La Lega ha inneggiato al Carroccio al Senato in occasione del voto che “rompe” definitivamente l’Italia. Esposto persino un drappo con il Leone di San marco. Sì, perché è la Lega secessionista a vincere con l’Autonomia differenziata. E bene hanno fatto quelli dell’opposizione ad intonare l’Inno di Mameli. Quell’inno che risale al 1847 quando la Penisola era divisa in decine di staterelli.
Quelli di Fratelli d’Italia, punti nel vivo, si sono alzati ed anch’essi si sono uniti al coro che faceva risuonare nell’aula del Senato il canto di chi ha donato la vita per raggiungere l’Unità nazionale. Le contraddizioni dell’animo umano. Un’incoerenza che non può essere perdonata.
L’Italia deve ritrovare davvero coesione. Venti dispersioni legislative, di spesa e d’indirizzo hanno aggravato le nostre condizioni.

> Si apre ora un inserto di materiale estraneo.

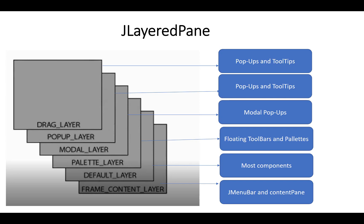It's a good way to explain more about the component or anything. The last one is the drag layer, the top layer, used for popups and tooltips. So these are the layer systems. Thank you very much.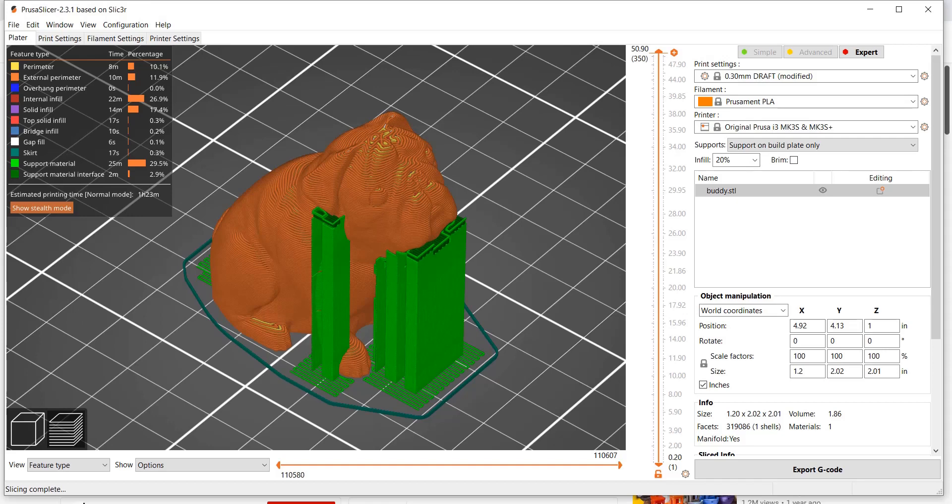All right, welcome. I'm going to go over Fused Deposition Modeling, FDM.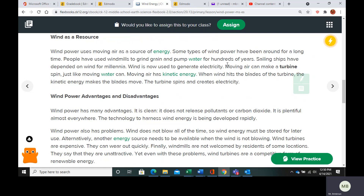Wind can make a turbine spin, and the turbine spinning is going to create electricity.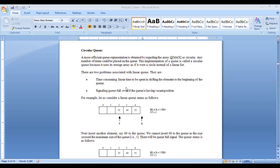We can initialize both front and rear pointer to 0. While inserting, I read an element and put it in the array at the position indicated by the rear pointer. After inserting, I immediately increment the rear pointer because the rear pointer should always be ready to receive a new element. You should not disturb the front pointer — the rear pointer is the only pointer used for insertion.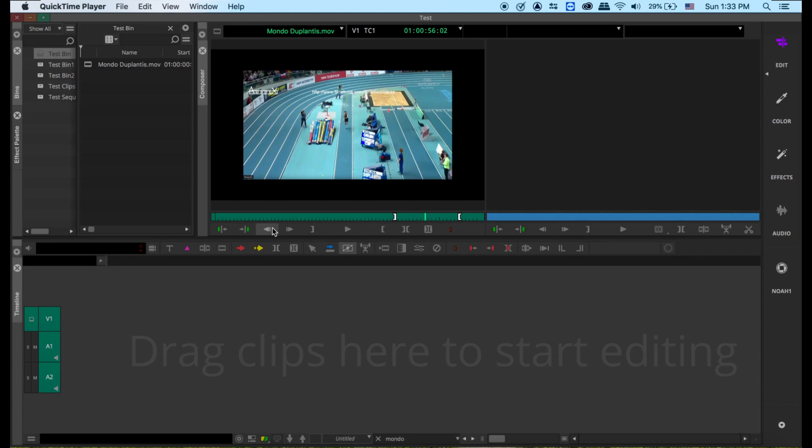Hi, this is Larry, your IV teacher. This morning, a number of students didn't show up, so I'm going to do this little video session. It's mostly about motion effect.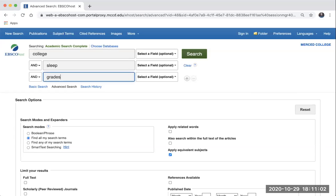Notice to the left that the word AND has been automatically included for you. Remember that AND is an operator that helps narrow your search results. In this case, we're telling Academic Search Complete to retrieve results that include the word college, but also sleep AND grades.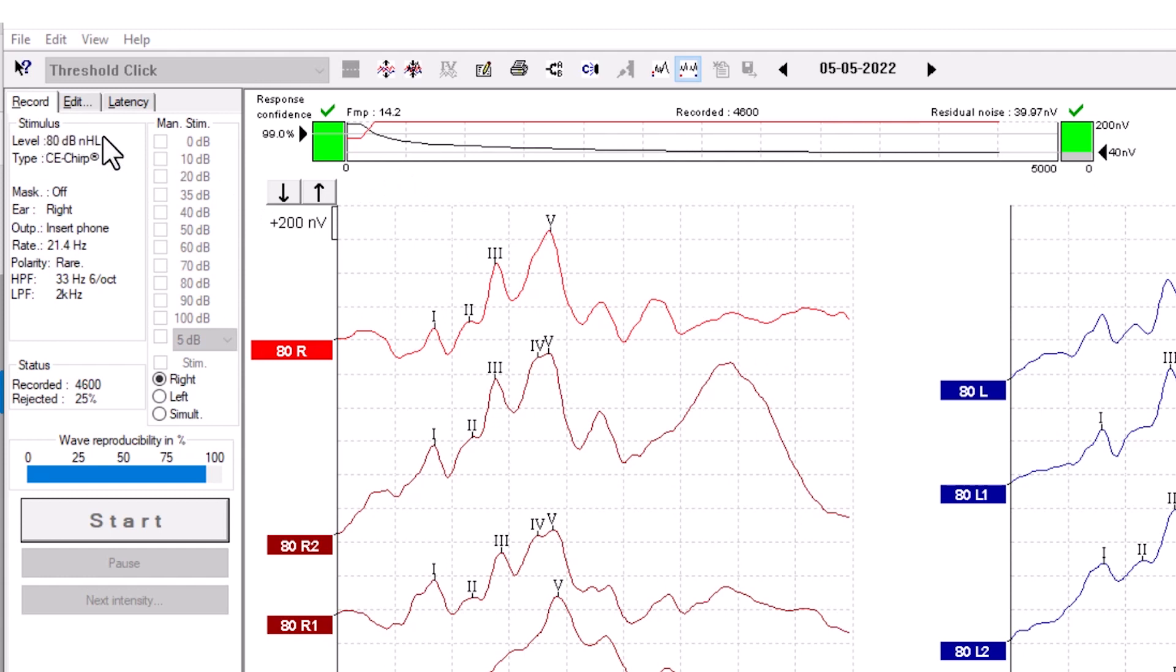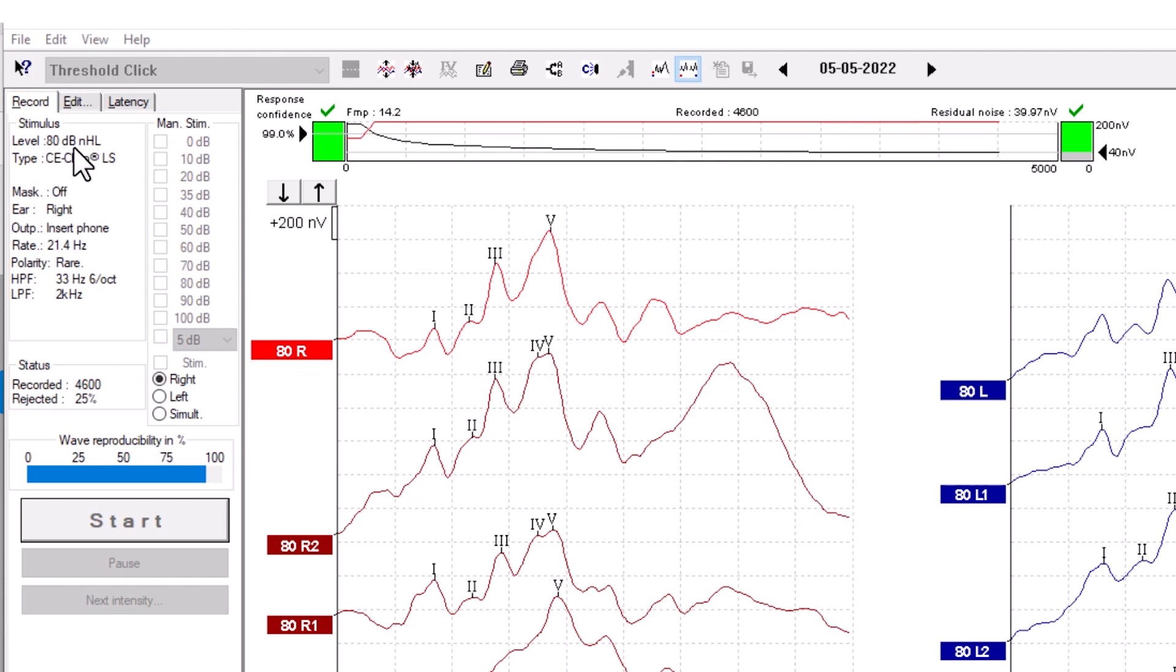The stimulus window shows the stimulus parameters for the curve being recorded or the chosen highlighted curve. You can see what intensity and which stimulus types have been used.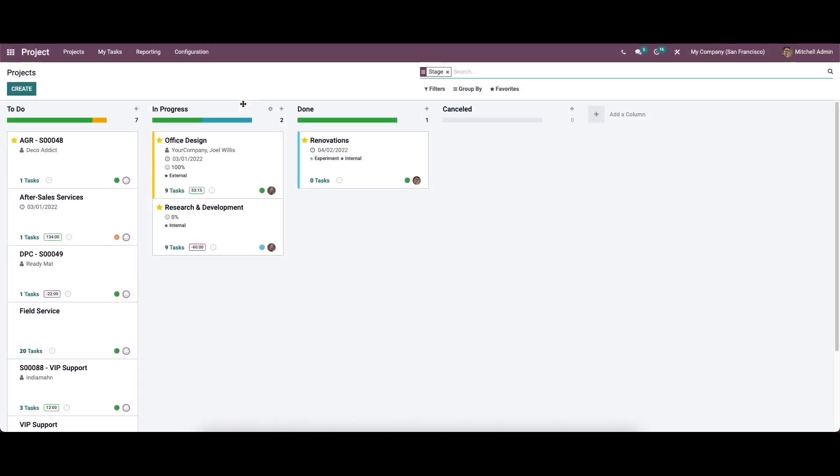Hi all, welcome back to another video. While creating a new project in the auto project module, we can split the project into different tasks and subtasks. By doing so, we can systemize the activities related to the project in an organized manner and it reduces the work pressure. This will also help the assigned employees to complete the project step by step in an easier method.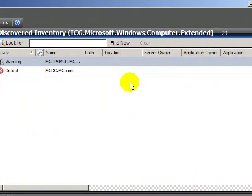InFront has extended the Windows computer class in SCOM with custom attributes for server owner, application owner, application, and location. Our custom application allows us to populate these attributes with values stored in a comma delimited file.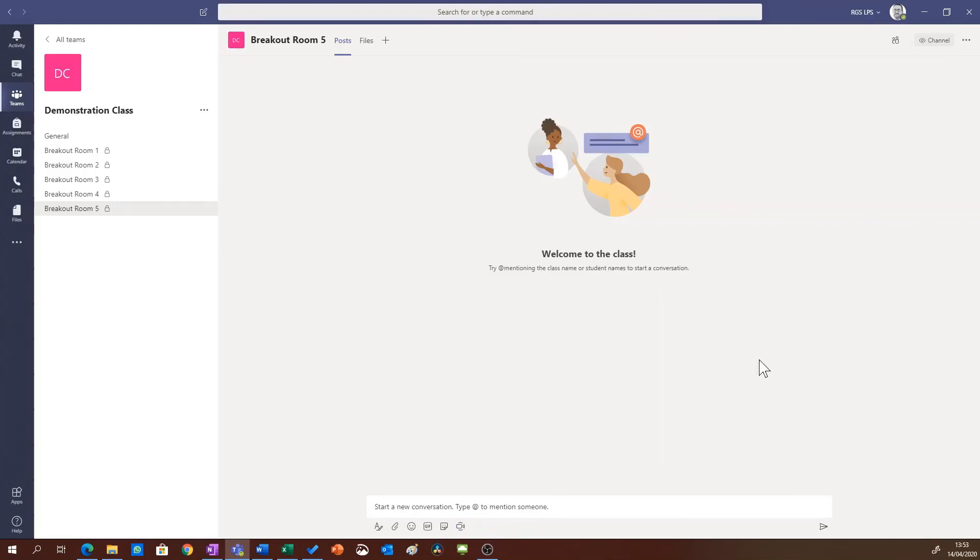And this is a really nice way to create an online working environment where the students have greater focus on a specific task.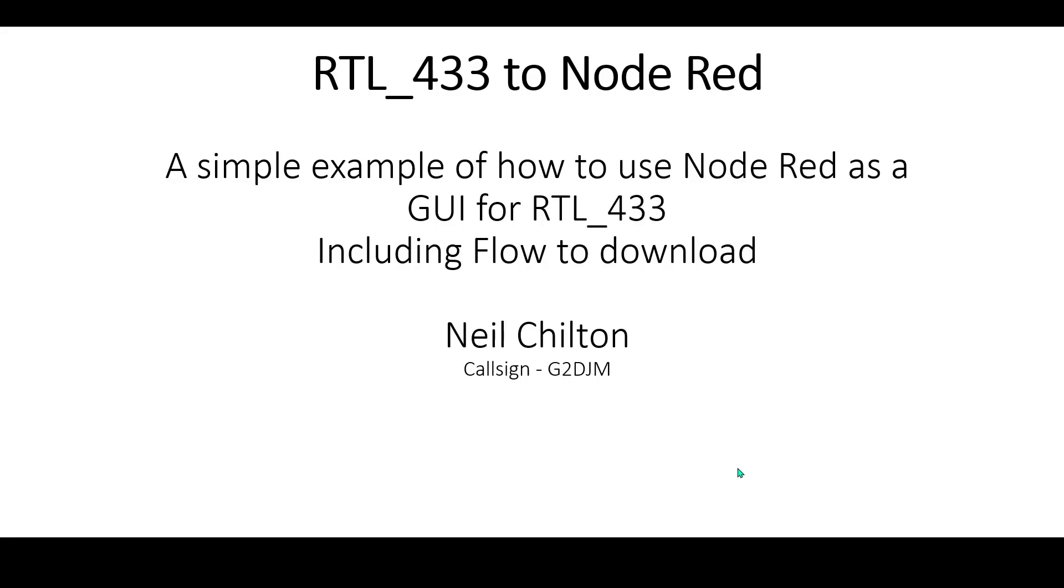This video will serve as an introduction to anybody who wants to use Node-RED as a graphical user interface for the RTL_433, a very powerful bit of software that's available to download.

L’Autonomia differenziata vuole dare ulteriori poteri alle Regioni. Mentre, invece, andrebbero loro ridotte, così come la capacità di spesa a piè di lista o offrire una miriadi di prestazioni diverse. A partire da quelle che hanno contribuito, e molto, ad affossare la nostra Sanità. E sorvoliamo sul sottopotere e sui grandi e piccoli scandali che hanno costellato la vita del sistema regionalizzato del Paese, a partire dalle dimenticate ruberie della formazione professionale ed altro.
La vera riforma delle Autonomie, quelle che abbiamo ricordato pochi giorni fa in occasione del centenario sturziano dell’Appello ai Liberi e forti, dovrebbe consistere nel puntare di più all’effettiva prossimità delle istituzioni con i cittadini e con i problemi quotidiani della gente. Quello che, purtroppo, per quel che riguarda le regioni, si è progressivamente perso mentre si è dilatate la spesa pubblica e accentuate le divisioni tra Nord e Sud e, persino, all’interno di molte regioni.
Brutta la pagina scritta ieri al Senato. In particolare per i “traditori” di quello spirito nazionale che dev’essere salvaguardato, invece, con intelligenza, efficacia e solidarietà.
La speranza è che quegli ingenui elettori, soprattutto quelli del Meridione, che hanno creduto nel messaggio del partito di Giorgia Meloni, che da ieri, a maggior ragione, può essere definito gli “sfracelli d’Italia”, tocchino con mano le responsabilità che si sono assunti con un voto che oggi rivela quella che è la verità su chi si riempie la bocca con la NAZIONE e, poi, la distrugge.